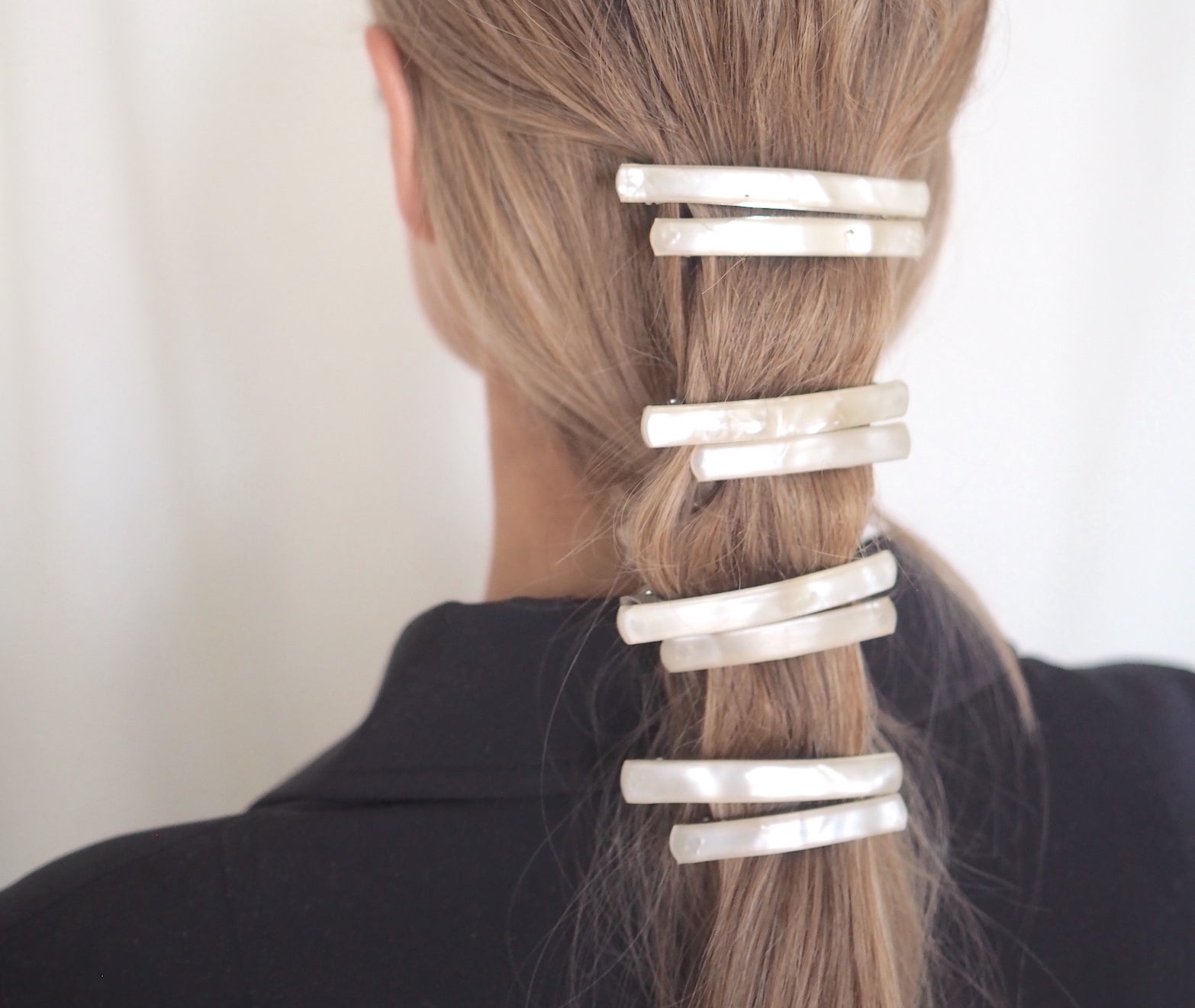 Mother-of-pearl Hair Clips Set
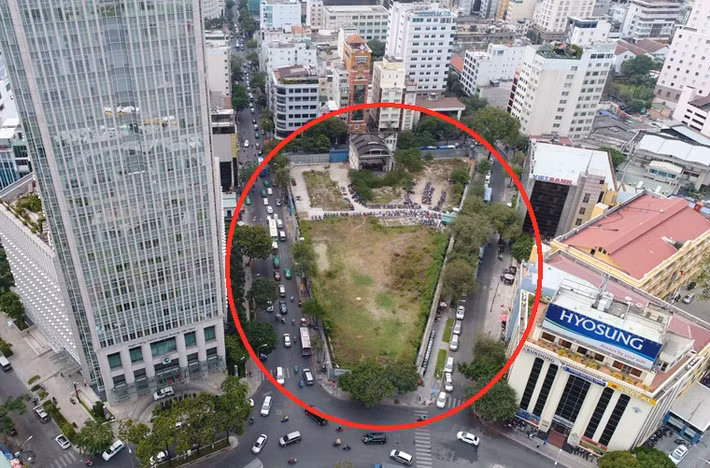 Bộ Công Thương đang xem xét việc Tổng công ty cổ phần bia - rượu - nước giải khát Sài Gòn ( Sabeco, thuộc Bộ Công thương) có dấu hiệu bán rẻ khu đất vàng rộng 6.000 m2 tại số 2-4-6 Hai Bà Trưng (phường Bến Nghé, quận 1, TP HCM) do đơn vị này quản lý. Đây được xem là khu đất có vị trí cực kỳ đắc địa với 4 mặt tiền đường giữa trung tâm quận như Hai Bà Trưng - Đông Du - Thi Sách - Công trường Mê Linh, mà theo giới chuyên môn thì giá trị lên đến hàng tỷ đồng/m2.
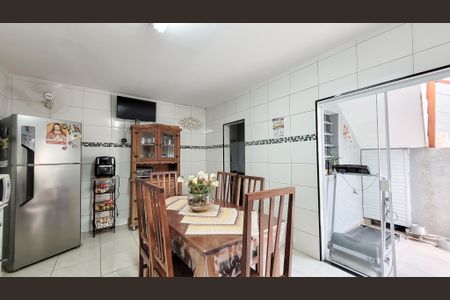 Casa à venda com 150m², 4 quartos e 1 vaga Casa à venda com 150m², 4 quartos e 1 vagaCozinha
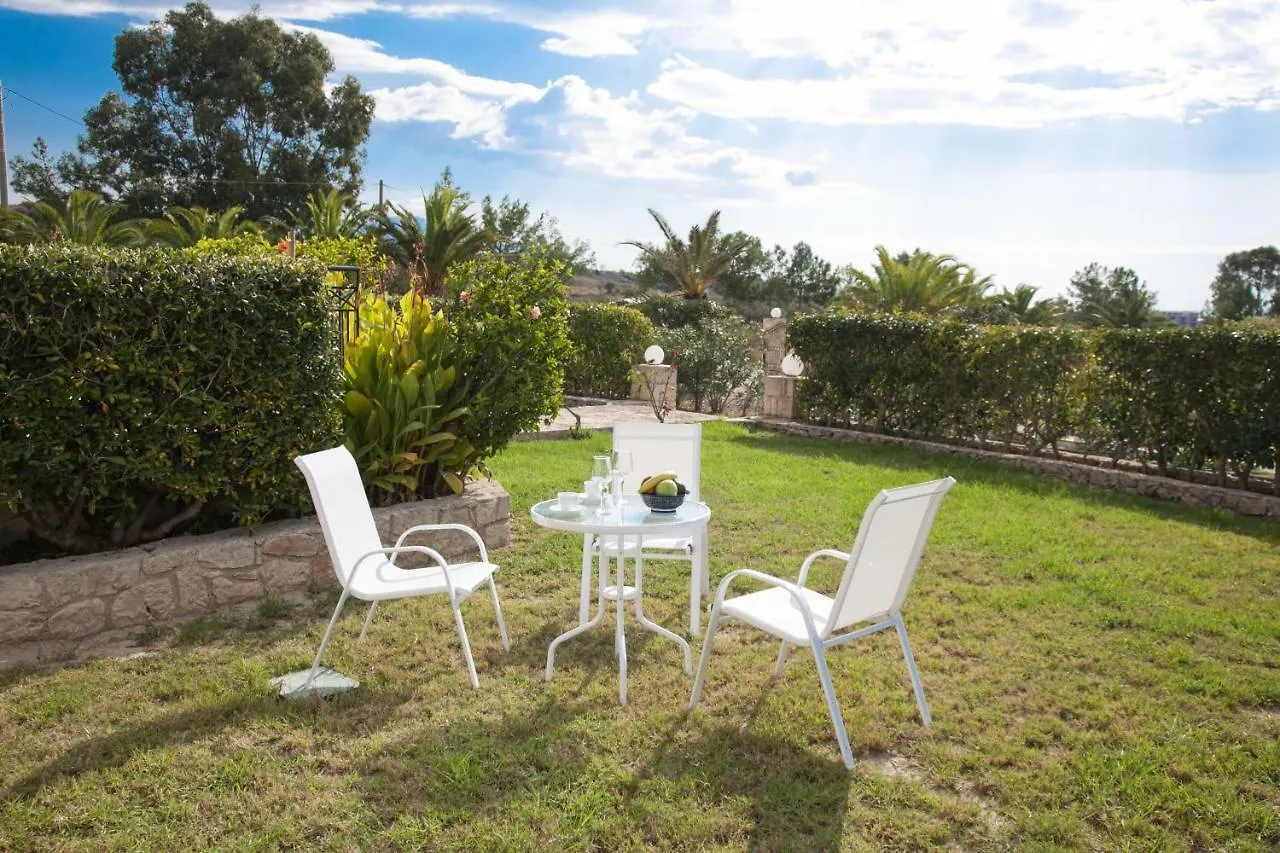 Cavaliere Houses Lixouri 0*,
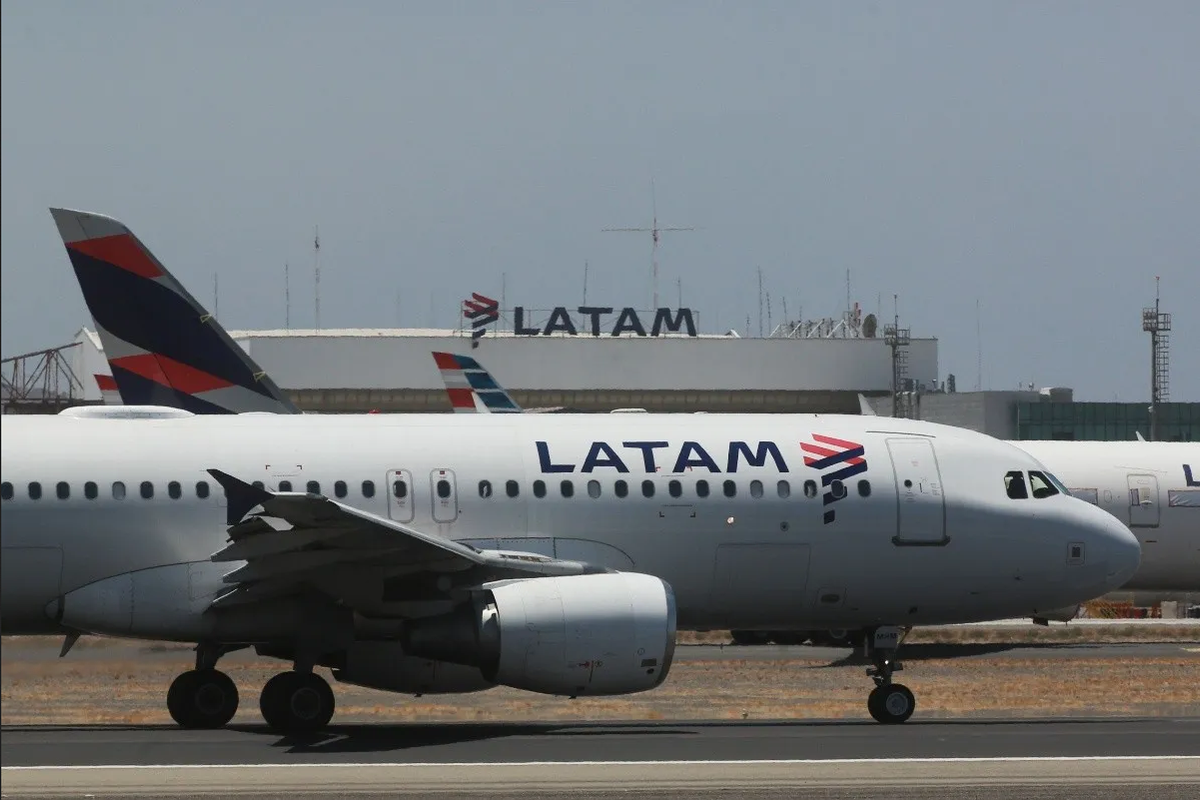 Accidente LATAM: Avión sufre turbulencias extremas y lanza pasajeros al techo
__________
▶ [Aim of the task]: The data above, line by line: transcribe it exactly and drop the pictures.

▶ [Solution]:
 Mother-of-pearl Hair Clips Set
 Bộ Công Thương đang xem xét việc Tổng công ty cổ phần bia - rượu - nước giải khát Sài Gòn ( Sabeco, thuộc Bộ Công thương) có dấu hiệu bán rẻ khu đất vàng rộng 6.000 m2 tại số 2-4-6 Hai Bà Trưng (phường Bến Nghé, quận 1, TP HCM) do đơn vị này quản lý. Đây được xem là khu đất có vị trí cực kỳ đắc địa với 4 mặt tiền đường giữa trung tâm quận như Hai Bà Trưng - Đông Du - Thi Sách - Công trường Mê Linh, mà theo giới chuyên môn thì giá trị lên đến hàng tỷ đồng/m2.
 Casa à venda com 150m², 4 quartos e 1 vaga Casa à venda com 150m², 4 quartos e 1 vagaCozinha
 Cavaliere Houses Lixouri 0*,
 Accidente LATAM: Avión sufre turbulencias extremas y lanza pasajeros al techo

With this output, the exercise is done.